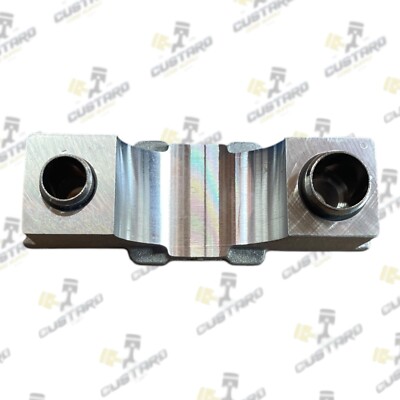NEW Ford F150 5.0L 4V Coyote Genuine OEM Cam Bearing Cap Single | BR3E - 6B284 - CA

________________________________________

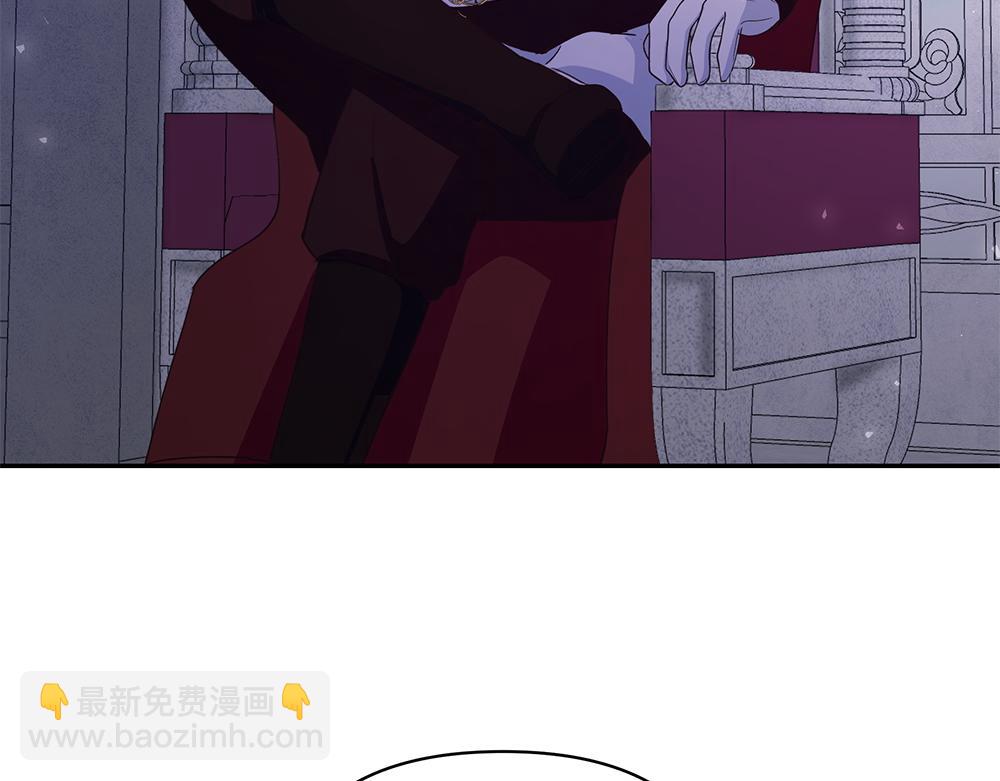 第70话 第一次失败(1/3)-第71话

________________________________________

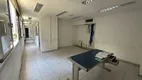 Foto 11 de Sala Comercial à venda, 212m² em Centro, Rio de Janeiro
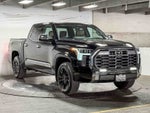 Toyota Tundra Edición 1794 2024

________________________________________

### WHAT YOU WILL DO
Copy word for word only the lines above from the one with "Foto 11 de Sala" through the one with "Toyota Tundra Edición 1794 2024". Leave pictures out.

### RESULT
 Foto 11 de Sala Comercial à venda, 212m² em Centro, Rio de Janeiro
 Toyota Tundra Edición 1794 2024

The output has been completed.